Esa eficacia consiste, plantea Merino, “en la capacidad de las instituciones políticas para resolver problemas concretos: los que la gente percibe como asuntos de mayor relevancia dentro de la agenda pública. Y si bien esos problemas cambian con el paso del tiempo, lo cierto es que en su mayoría están asociados con la idea de la seguridad que, en un sentido amplio, el Estado está obligado a ofrecer. No sólo la seguridad pública, que está en el origen de las tareas públicas y sigue siendo una de las funciones fundamentales, sino la seguridad entendida como las certezas básicas que el Estado debe proveer para hacer posible la convivencia pacífica entre los ciudadanos”.
En tal sentido, la consolidación de la democracia está en riesgo porque ésta no es eficaz. Lo vemos con despliegue espectacular en los disensos entre las fuerzas políticas a propósito de reformas llamadas estructurales y las que la coyuntura exige. Con optimismo que espero no sea contradicho por la realidad, me parece que el combate electoral permanente a que asistimos y que reviste otras apariencias, es resultado de nuestra inmadurez democrática: apenas estamos naciendo a la contienda partidaria y que las necesidades de la sociedad propiciarán la pronta maduración de los contendientes políticos.
Hace falta, sin embargo, para que ese resultado se produzca, el ahondamiento y extensión de la cultura democrática, un bien público que todavía no está al alcance de toda la sociedad.

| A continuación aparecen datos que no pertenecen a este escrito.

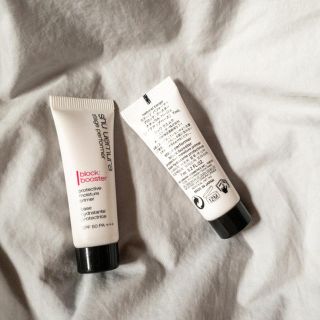 シュウウエムラ(shu uemura)のシュウウエムラ ステージパフォーマーブロック:ブースター 7ml×2(化粧下地)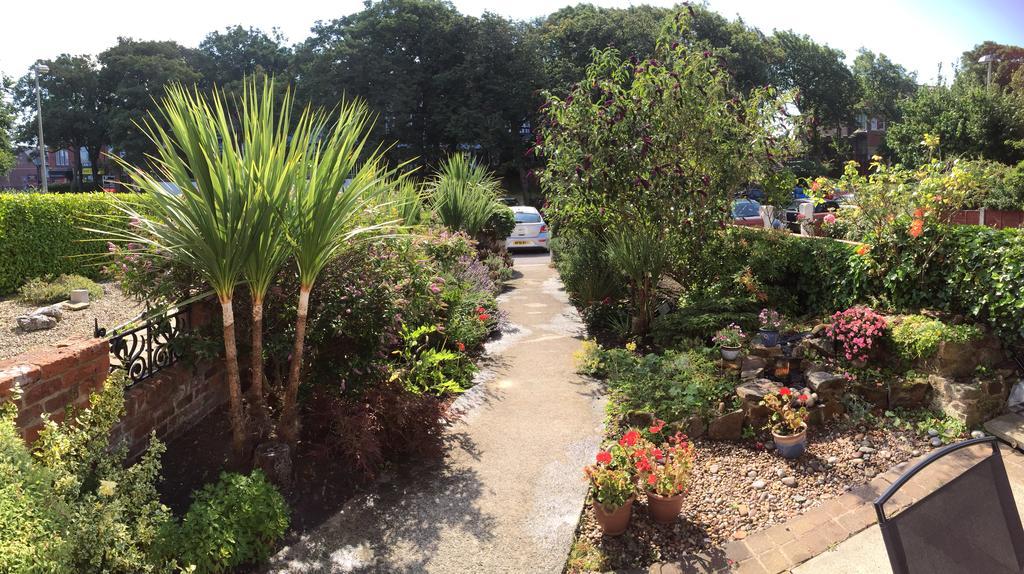 The Fairmile Bed & Breakfast Lytham St Annes Luaran gambar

El libro de Merino dedica cien de sus 247 páginas a revisar las tareas realizadas y las pendientes, del Instituto Federal Electoral. Identifica en su funcionamiento algunas “zonas de incertidumbre”. Una de ellas nace de la estructura misma del Instituto, donde coexisten los consejeros, por principio apartidistas, con los representantes de los partidos y con el personal profesional, que deben lealtad a la institución. En ocasiones, como cuando se organizan las elecciones, los intereses de consejeros y representantes partidarios coinciden, pero en otras pueden resultar francamente encontrados. Tal es el caso, principalmente, de la fiscalización, de que debemos ocuparnos.